**WORK TO BE COMPLETED:** Please, from the entries below, transcribe exactly the lines that begin at the line with "Simple Men’s Black" and end at the line with "La Tradicional Barber&iacute;a & Tatuajes", without the pictures.

**MATERIAL SHOWN:**
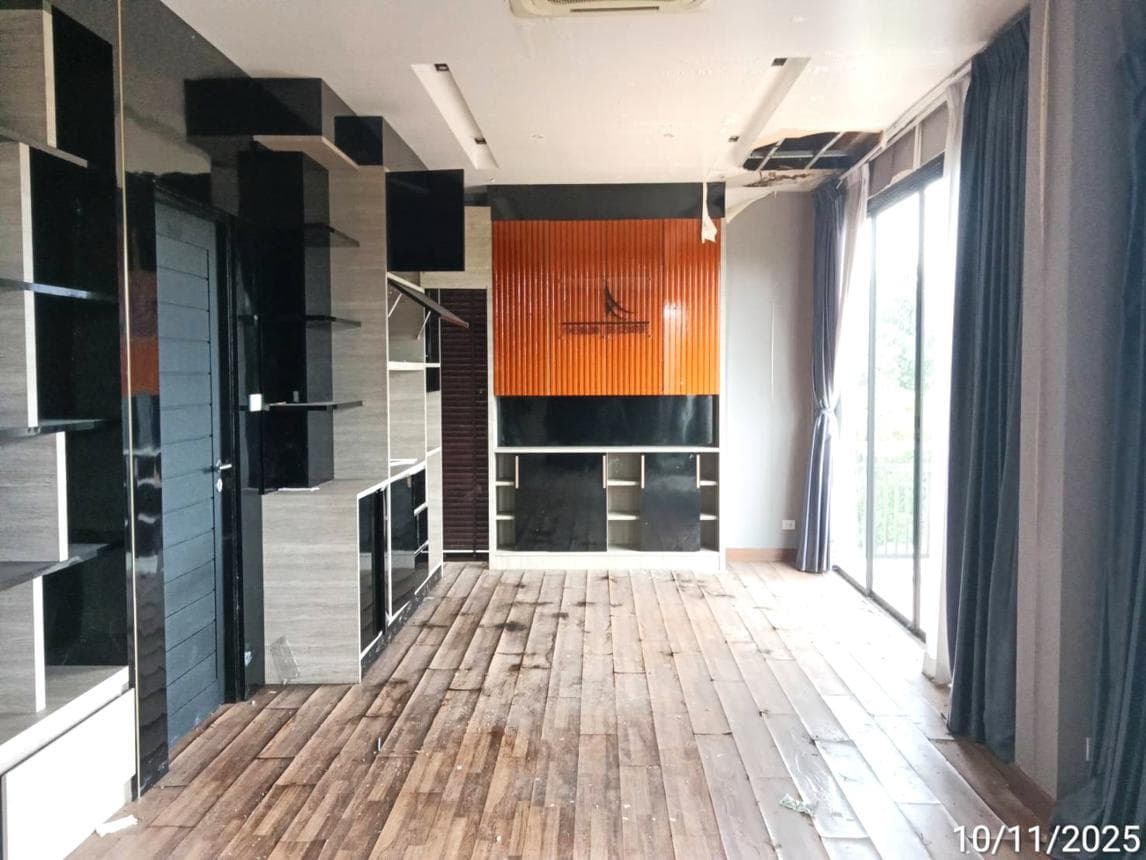 บ้านเดี่ยวหลังใหญ่พิเศษ บ้านกลาง อำเภอสอง แพร่ พื้นที่ใช้สอย 1,206 ตร.ม. ทำเลสงบเป็นส่วนตัว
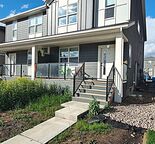 3 bed 2.5 bath Main Floor in Wolf Willow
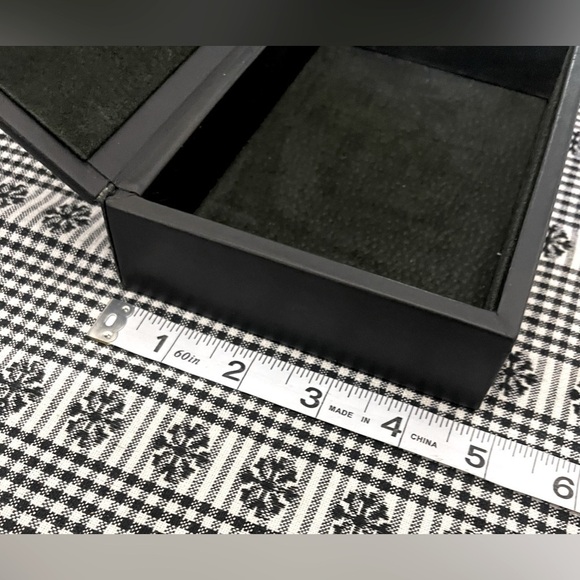 Simple Men’s Black Dresser Valet Lidded 3 Compartments Watch Keys Wallet Phone - Picture 5 of 6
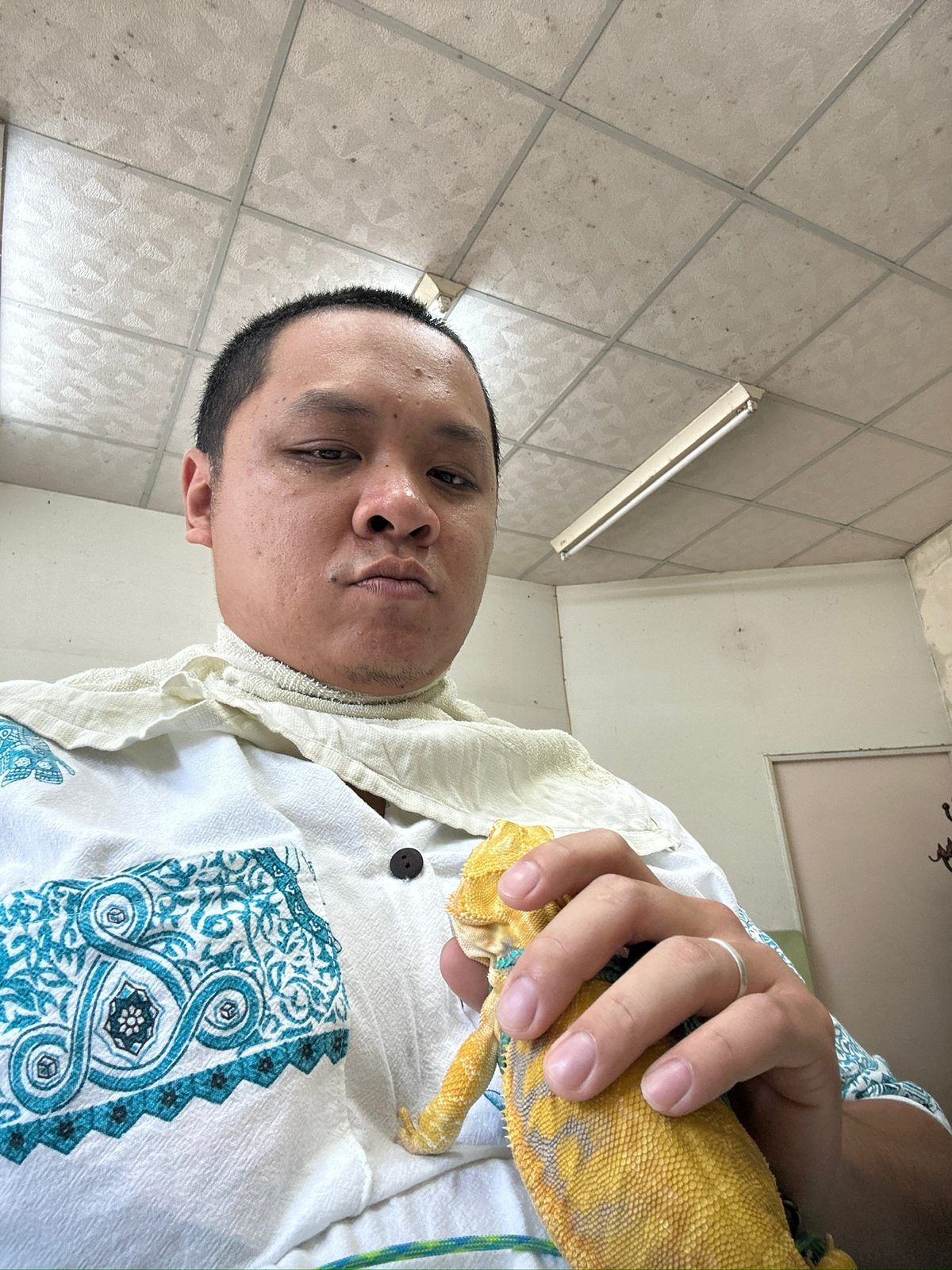 蛻變前的高大可與他的寵物守宮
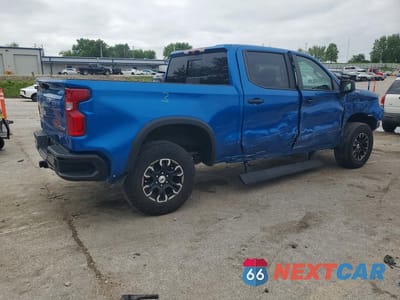 Trzecie zdjęcie samochodu z tyłu: 2022 CHEVROLET SILVERADO K1500 ZR2 VIN:3GCUDHELXNG670746 - miniatura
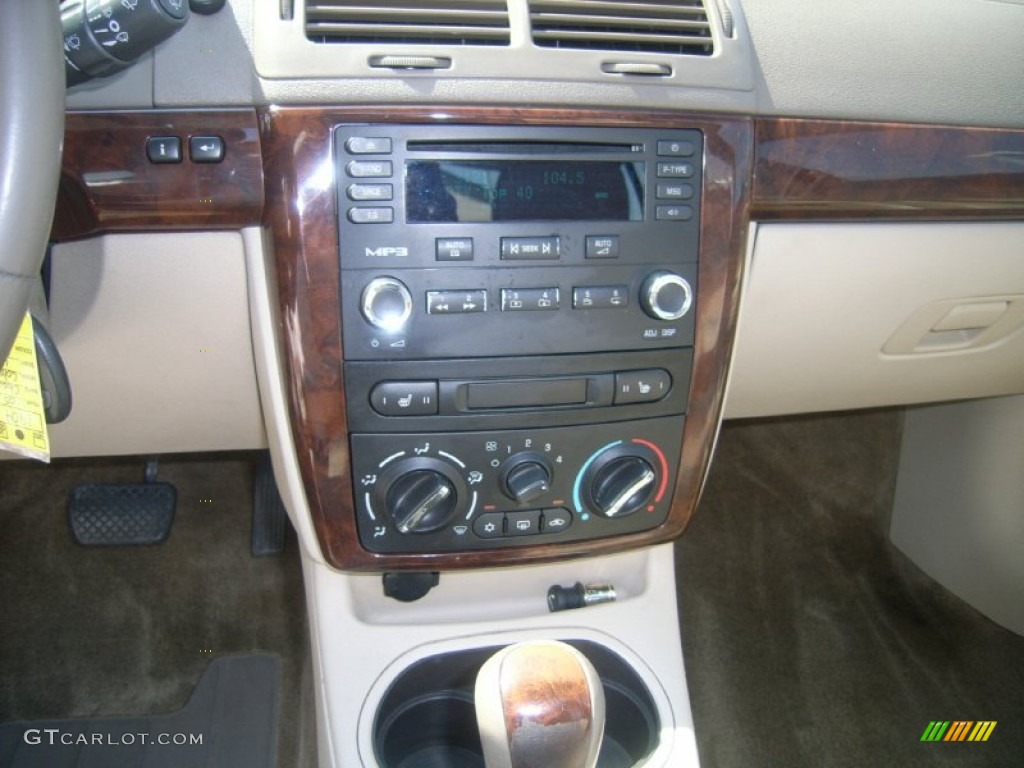 2005 Chevrolet Cobalt LT Sedan Controls Photo #51694810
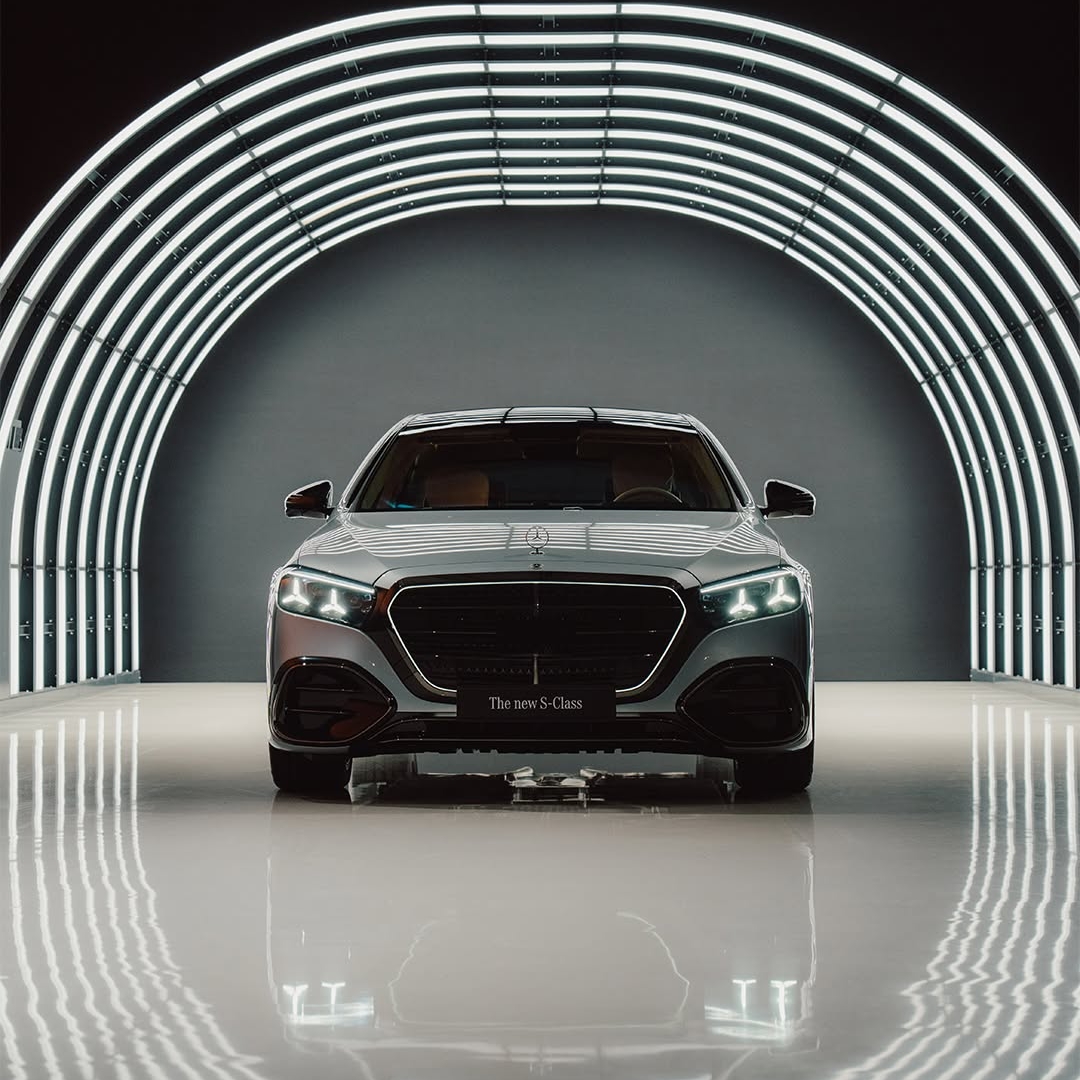 Z drznejšo silhueto, osvetljenimi elementi in elegantno novo obliko izžareva samozavest v vseh pogledih.
Novi Mercedes-Benz razred S.
#MercedesBenz #SClass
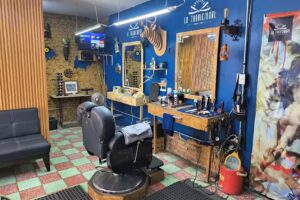 La Tradicional Barber&iacute;a & Tatuajes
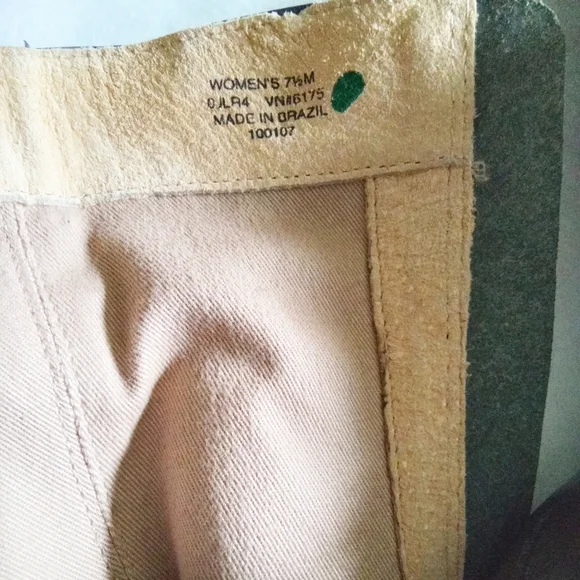 L.L Bean Women's Black Tall Leather Zip Up Heeled Boots - Picture 6 of 12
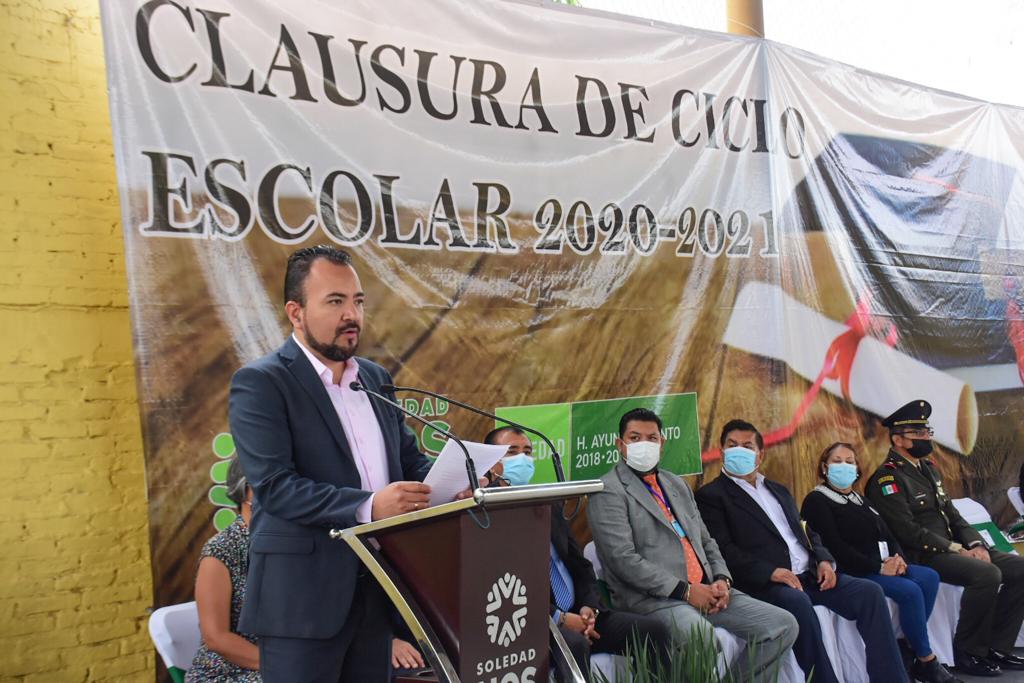 soledad-ciclo-escolar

**WRITTEN SOLUTION:**
 Simple Men’s Black Dresser Valet Lidded 3 Compartments Watch Keys Wallet Phone - Picture 5 of 6
 蛻變前的高大可與他的寵物守宮
 Trzecie zdjęcie samochodu z tyłu: 2022 CHEVROLET SILVERADO K1500 ZR2 VIN:3GCUDHELXNG670746 - miniatura
 2005 Chevrolet Cobalt LT Sedan Controls Photo #51694810
 Z drznejšo silhueto, osvetljenimi elementi in elegantno novo obliko izžareva samozavest v vseh pogledih.
Novi Mercedes-Benz razred S.
#MercedesBenz #SClass
 La Tradicional Barber&iacute;a & Tatuajes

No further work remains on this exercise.